Work order: Your copy should contain exactly the lines from the one that holds "this 600×600 image." through the end of the material, reproduced as written, with no pictures.

Segment Start: Data records

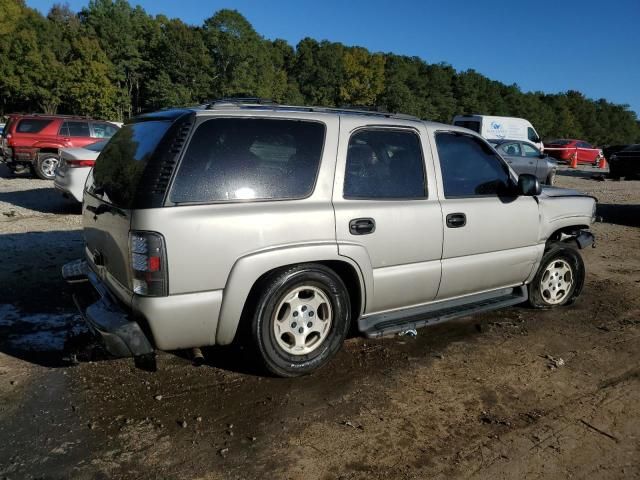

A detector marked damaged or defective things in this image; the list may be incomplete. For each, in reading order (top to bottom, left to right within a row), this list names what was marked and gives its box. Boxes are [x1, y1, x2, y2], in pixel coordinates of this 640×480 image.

damaged front bumper [62, 258, 154, 360]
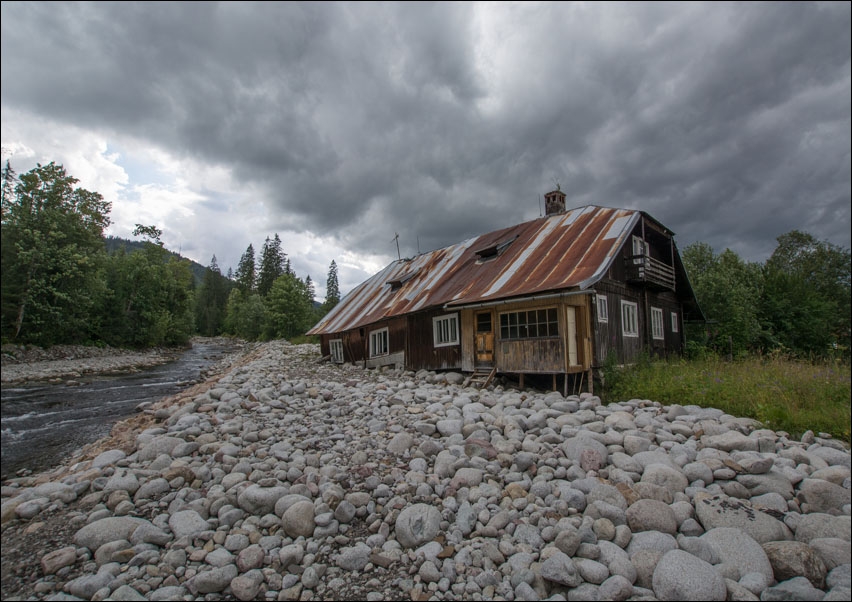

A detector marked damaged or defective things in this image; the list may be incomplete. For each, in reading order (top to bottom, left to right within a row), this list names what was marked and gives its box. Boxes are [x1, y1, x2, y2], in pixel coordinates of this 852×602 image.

rusty metal roof [310, 205, 644, 336]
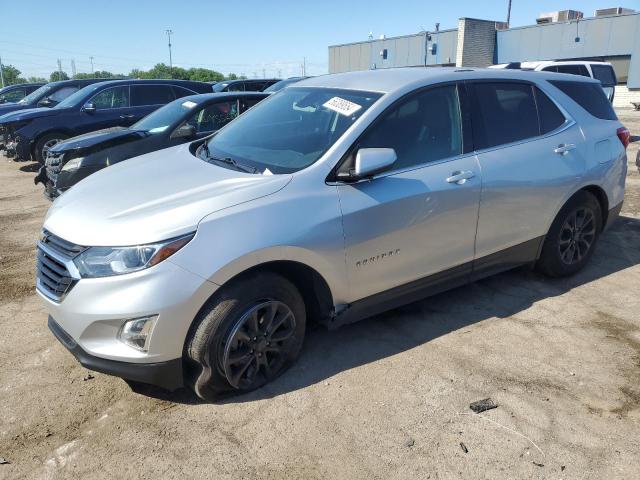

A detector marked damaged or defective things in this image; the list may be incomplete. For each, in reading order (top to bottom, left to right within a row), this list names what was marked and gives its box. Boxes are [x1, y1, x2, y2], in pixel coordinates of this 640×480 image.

damaged car [37, 92, 268, 199]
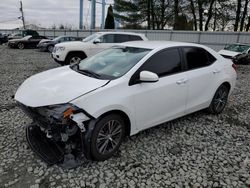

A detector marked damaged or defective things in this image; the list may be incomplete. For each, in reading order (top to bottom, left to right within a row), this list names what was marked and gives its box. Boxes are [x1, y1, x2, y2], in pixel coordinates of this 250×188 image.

crumpled hood [14, 66, 108, 107]
damaged front bumper [18, 102, 94, 168]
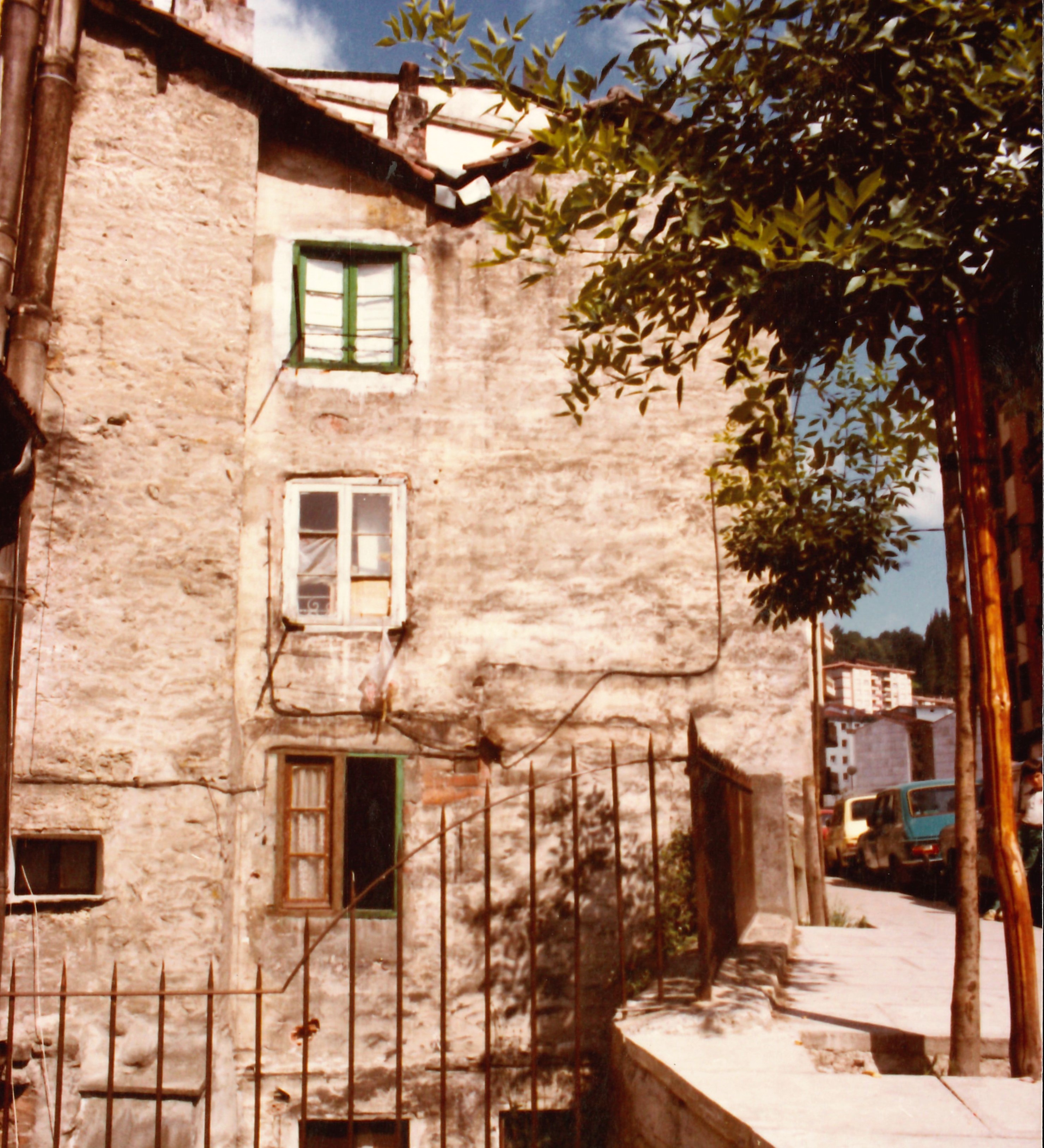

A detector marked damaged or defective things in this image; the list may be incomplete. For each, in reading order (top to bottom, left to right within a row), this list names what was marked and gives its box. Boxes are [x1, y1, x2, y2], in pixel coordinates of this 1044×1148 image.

rusty iron fence [0, 728, 751, 1140]
rusty iron fence [686, 717, 751, 993]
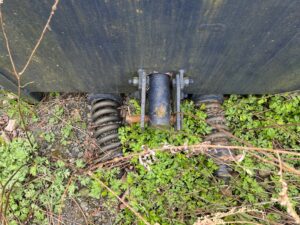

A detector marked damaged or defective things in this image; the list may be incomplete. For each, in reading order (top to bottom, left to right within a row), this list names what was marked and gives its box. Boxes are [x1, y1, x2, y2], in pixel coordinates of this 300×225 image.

rusty steel surface [0, 0, 298, 93]
rusty coil spring [92, 99, 123, 161]
rusted pivot tube [148, 73, 171, 126]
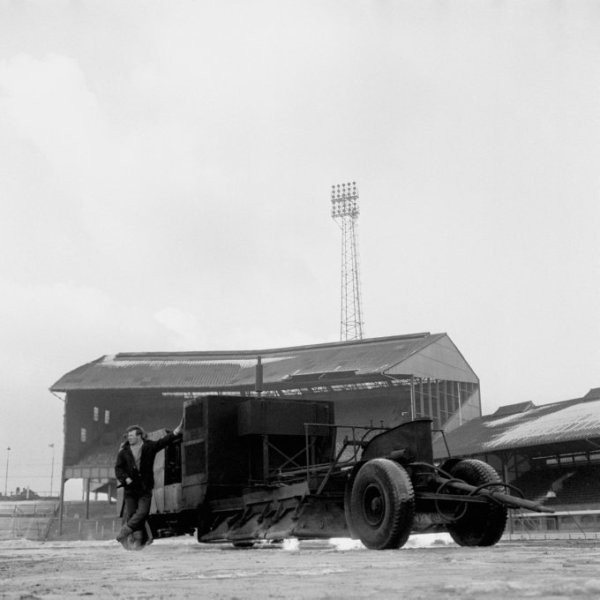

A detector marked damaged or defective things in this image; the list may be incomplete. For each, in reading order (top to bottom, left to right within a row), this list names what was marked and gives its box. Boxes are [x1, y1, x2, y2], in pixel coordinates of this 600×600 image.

rusty machine [143, 396, 552, 552]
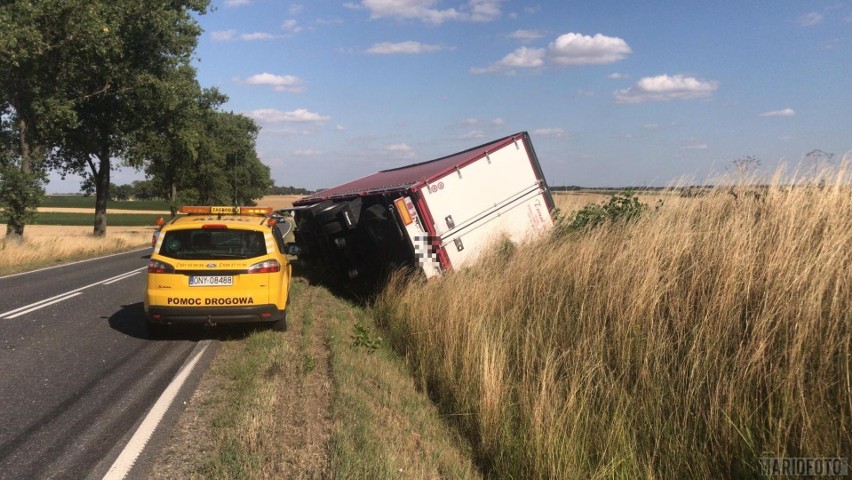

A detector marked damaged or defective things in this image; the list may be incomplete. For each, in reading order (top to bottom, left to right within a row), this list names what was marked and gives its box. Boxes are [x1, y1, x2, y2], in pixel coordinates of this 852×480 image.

overturned truck [290, 131, 556, 284]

Segment End: Data records

Written solution:
A detector marked damaged or defective things in this image; the list may be incomplete. For each, in reading order (top to bottom, left to right within a row), this list names what was marked and gives its box. Boxes are [x1, y1, x2, y2], in pixel coordinates of this 600×600 image.

rusty machine [143, 396, 552, 552]

A detector marked damaged or defective things in this image; the list may be incomplete. For each, in reading order (top to bottom, left to right within a row), this list names what was marked and gives its box. Boxes are [x1, y1, x2, y2], in pixel coordinates of this 852×480 image.

overturned truck [290, 131, 556, 284]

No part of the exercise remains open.